Fernando Morientes finds himself in the position of needing to undo the damage to his reputation inflicted by an unhappy 18-month spell at Liverpool, writes Neale Graham.

Fernando Morientes could be forgiven for thinking he has nothing left to prove.

A career that has taken in stops at some of Europe's most successful clubs, appearances at World Cups and European Championships, winning trophy after trophy and scoring goals at every possible level suggests he is a man whose record speaks for itself. Yet, he finds himself in the position of needing to undo the damage to his reputation inflicted by an unhappy 18-month spell at Liverpool.

Until his arrival at Anfield in January 2005, Morientes was considered one of the most feared strikers in Europe. Twenty-eight goals in 43 appearances for Spain saw to that.

When he left in the summer of 2006, Morientes' stock had fallen to the extent that pretty much any half-decent offer Liverpool received would have been accepted.

One such bid — understood to be in the region of GBP2.5 million — was made by Valencia and `Nando' was off. "When I signed Morientes it was because he scored goals, he could hold the ball up and was good in the air and he had the qualities we needed," explained Reds boss Rafael Benitez.

"Unfortunately he never played at his level in England and the move to Valencia is good for him."

Morientes joined Real Madrid in 1997 after catching the eye at Albacete and then Real Zaragoza.

The goals flowed — from his left foot, his right foot and, often, his head. Lacking the pace to put defenders on the back foot, Morientes' strength was his guile and awareness, allied to a sure touch that would often give him the yard he needed to get a shot away. Over the duration of his seven-season stay in Madrid, Morientes won three European Cups, a Primera Liga title and three Spanish Super Cups, amassing 96 goals in 249 games.

But, never the showiest of players, he fell foul of Real president Florentino Perez's doomed galactico project and he was farmed out to Monaco for the 2003-04 season.

His impact was immediate and, predictably, at the highest level — the Champions League.

A phenomenal 12 goals in 11 games — including two strikes that knocked Real out of the competition at the quarter-final stage — fired the Principality club to an unlikely final, where Porto defeated them 3-0.

Recalled by his chastened parent club that summer, Morientes' 2004-05 season never got going and his future at the Bernabeu appeared in doubt.

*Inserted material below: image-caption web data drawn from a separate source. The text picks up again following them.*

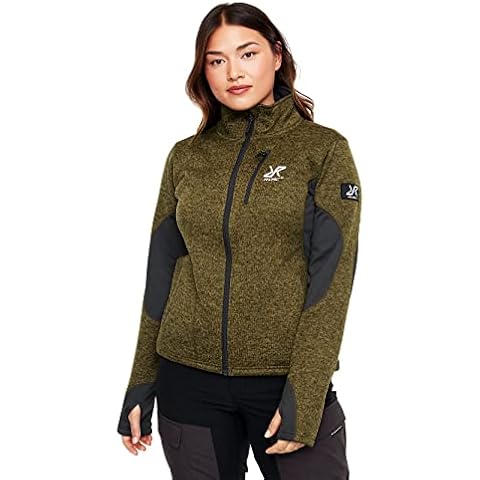 RevolutionRace Fusion Fleece für Damen, perfekt für Wanderungen und Outdoor-Abenteuer, Burnt Olive, XS Cover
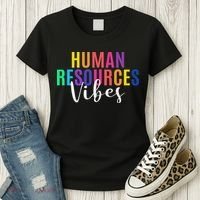 Human Resource Vibes Hr Specialist Hr Manager Coworker Women's T-Shirt thumb 3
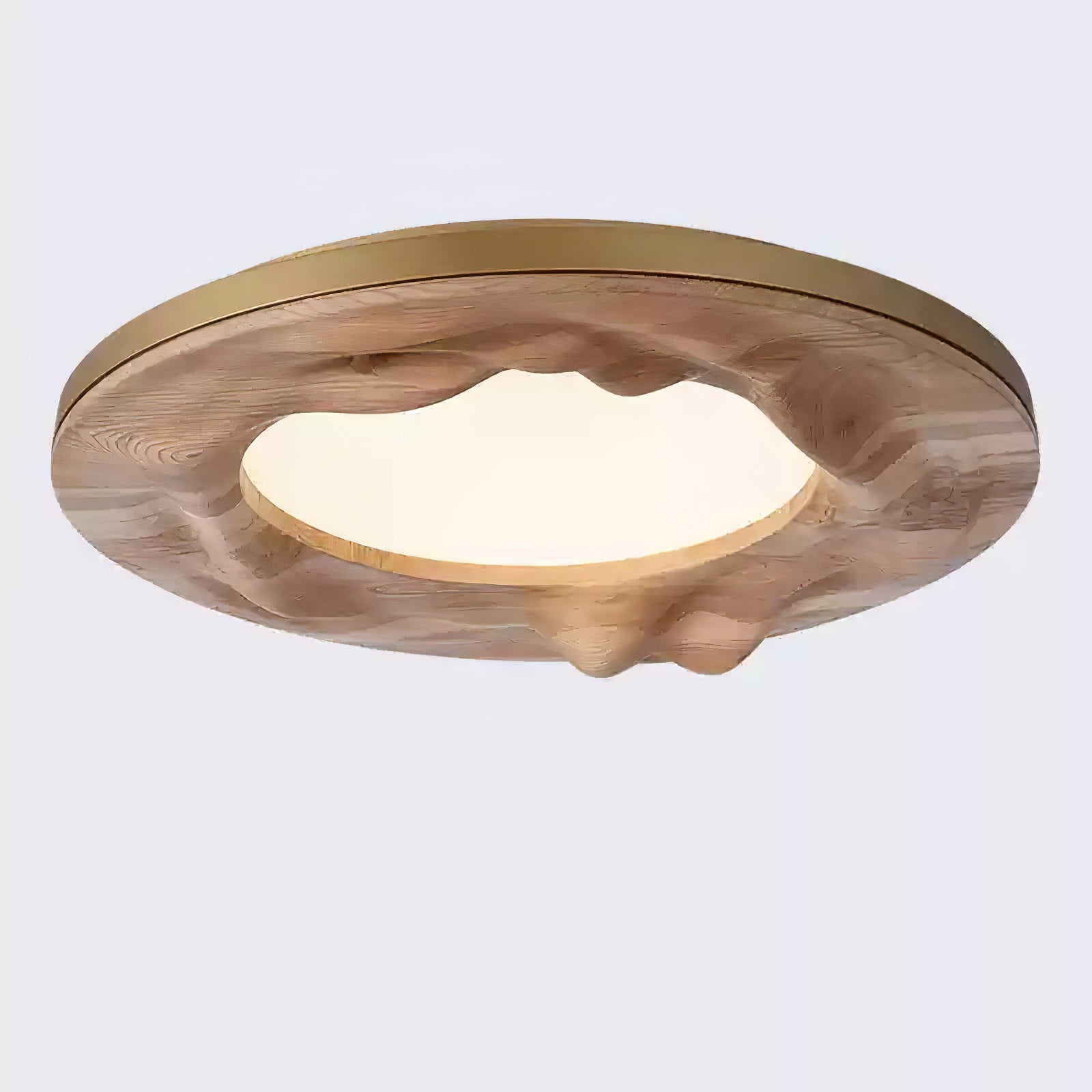 Rinarena Ceiling Lamp Wood Ripple Organic Tranquil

A bid of GBP6.3 million was accepted that January for the proven goal-scorer to move to Liverpool.

European-Cup tied, Morientes missed out on a fourth European Cup that May when Liverpool beat AC Milan on penalties, but looked forward to 2005-06 with understandable optimism.

His six-month bedding-in period had shown what a different proposition the rough-and-tumble Barclays English Premier League would be, despite arriving with the tag of `an old-fashioned English centre-forward.' In truth, he was anything but, struggling to get used to the physical nature of the defending and always appearing to want the extra touch on the ball that he would have got in Spain or France.

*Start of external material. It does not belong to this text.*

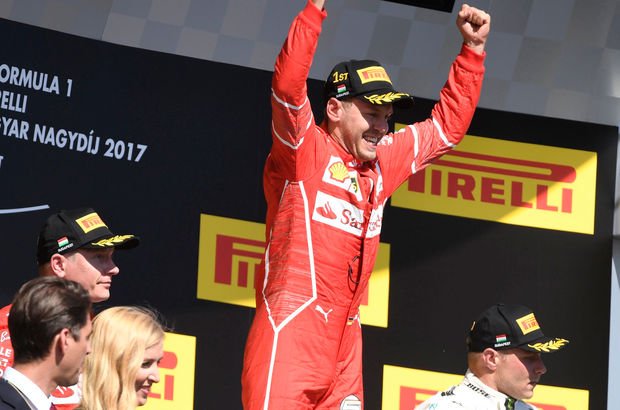 Macaristan Grand Prix'sinde zafer Vettel'in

This would have mattered a whole lot less if he had been among the goals, but the Kop's chant of `Mor Mor Mor' — sung to the tune of The Andrea True Connection's 70s hit — went virtually unanswered.

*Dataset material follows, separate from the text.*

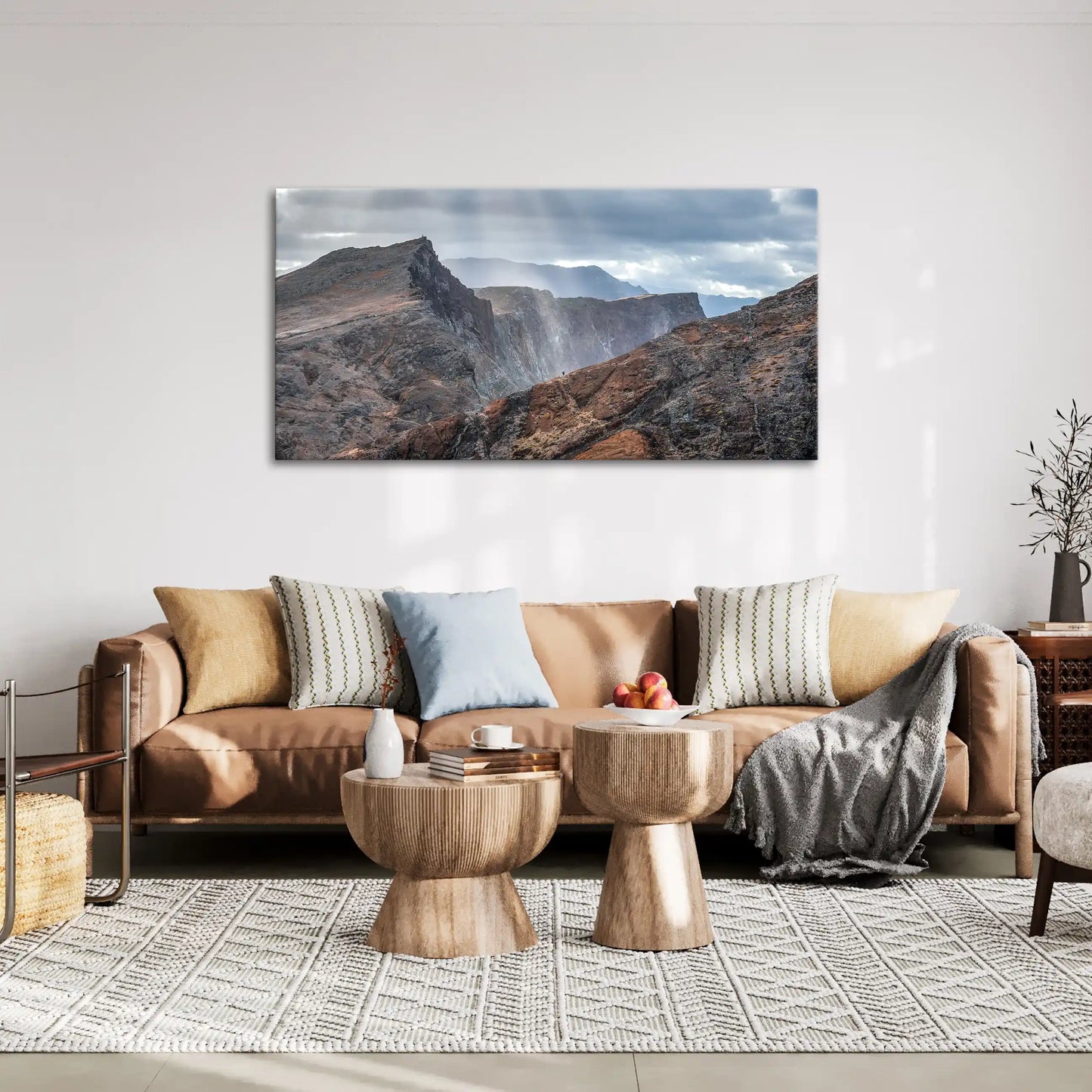 Leinwandbild - Felsenlandschaft Madeira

A paltry 12 goals in 59 games, allied to sluggish performances and the return to Liverpool of the idolised Robbie Fowler, spelt the end of Morientes' time on Merseyside.

Despite protests to the contrary, the 30-year-old eventually accepted he was on his way out and a bid from Valencia suited all parties.

"I'm keen to get started because this is a new start, a new team and a new city," Morientes said. "I want to help win a trophy for the club and its fans." Now at the Mestalla, he has shown that his goal-scoring instincts have not gone for good, getting the first in the 3-0 win over Salzburg that helped Los Ches into the Champions League group stages.

There, if nowhere else, Morientes should feel at home.